Esplicita critica verso il totalitarismo dei regimi – in primis quello, toccato con mano, della Russia di Stalin – e in generale scritto di denuncia «delle condizioni dell’uomo sotto ogni oppressione», L’uomo è forte fu vietato in Germania, mentre in Italia, seppur visto con sospetto, venne diffuso ricevendo addirittura nel 1940 il Premio dell’Accademia d’Italia.

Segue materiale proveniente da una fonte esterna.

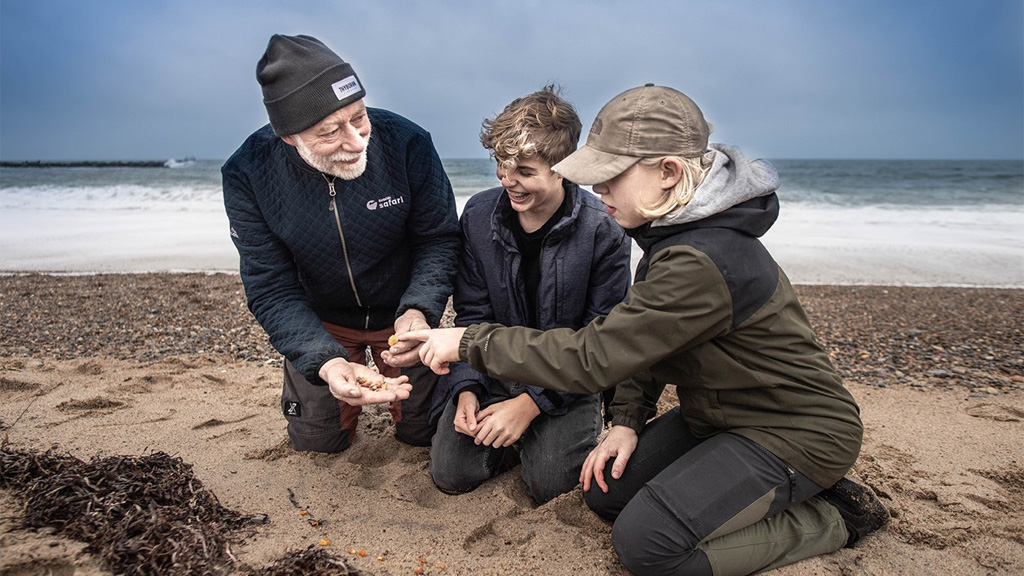 Bild von zwei kindern und einem Guide auf Bernstein-Safari am Strand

Corrado Alvaro, la Russia e lo Strega
L’esperienza in Unione Sovietica ritornò anche nel 1950 nel memoir Quasi una vita, vincitore l’anno successivo del Premio Strega. Alvaro, tutt’oggi unico calabrese ad avere ottenuto il più ambito premio letterario italiano, superò nella finale, cristallizzata come quella della “grande cinquina”, fuoriclasse della scrittura come Carlo Levi, Alberto Moravia, Mario Soldati e Domenico Rea.

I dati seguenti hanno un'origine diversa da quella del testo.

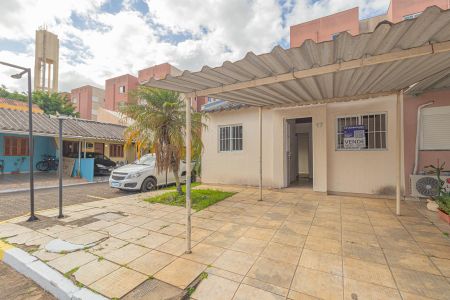 Casa de condomínio à venda com 100m², 3 quartos e 1 vagaFachada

Documento illuminato e di grande valore storico sulla società russa alle porte della Seconda guerra mondiale – o Grande guerra patriottica come viene chiamato, da loro che ne sono usciti vincitori, il conflitto dai russi –, il reportage seguì quelli realizzati negli anni Venti in Francia (Lettere parigine) e nel 1931 in Turchia (Viaggio in Turchia) e confermò la statura di scrittore e intellettuale universale di Corrado Alvaro, reporter cosmopolita, viaggiatore umanista, acuto intuitore delle trasformazioni della società e attento esploratore sempre nel rispetto di realtà antropologiche e culturali trasversali e “altre”; uno scrittore non dimentico delle sue radici e al contempo orientato sempre più in là, alla ricerca di interrogativi e risposte validi a ogni latitudine, per ogni civiltà.